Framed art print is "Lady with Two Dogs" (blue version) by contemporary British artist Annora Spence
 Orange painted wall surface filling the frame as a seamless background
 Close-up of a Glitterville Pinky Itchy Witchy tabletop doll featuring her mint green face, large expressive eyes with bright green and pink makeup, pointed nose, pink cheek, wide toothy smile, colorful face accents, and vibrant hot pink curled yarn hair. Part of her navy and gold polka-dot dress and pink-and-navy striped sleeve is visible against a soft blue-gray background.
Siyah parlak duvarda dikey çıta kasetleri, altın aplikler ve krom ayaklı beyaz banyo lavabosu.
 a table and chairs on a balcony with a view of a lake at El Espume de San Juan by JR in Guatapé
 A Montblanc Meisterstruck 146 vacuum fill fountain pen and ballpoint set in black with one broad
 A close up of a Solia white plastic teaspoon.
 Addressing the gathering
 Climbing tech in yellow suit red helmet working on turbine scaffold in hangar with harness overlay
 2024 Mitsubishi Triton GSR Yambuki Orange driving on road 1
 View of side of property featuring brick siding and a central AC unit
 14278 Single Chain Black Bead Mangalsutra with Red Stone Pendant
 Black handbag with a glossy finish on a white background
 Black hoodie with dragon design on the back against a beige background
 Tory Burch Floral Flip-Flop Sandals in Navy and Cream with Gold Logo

* **WORK TO COMPLETE**: Tally up the lines of the data above where the string "blue" appears, and give only the count.

* **EXERCISE RESULT**: 2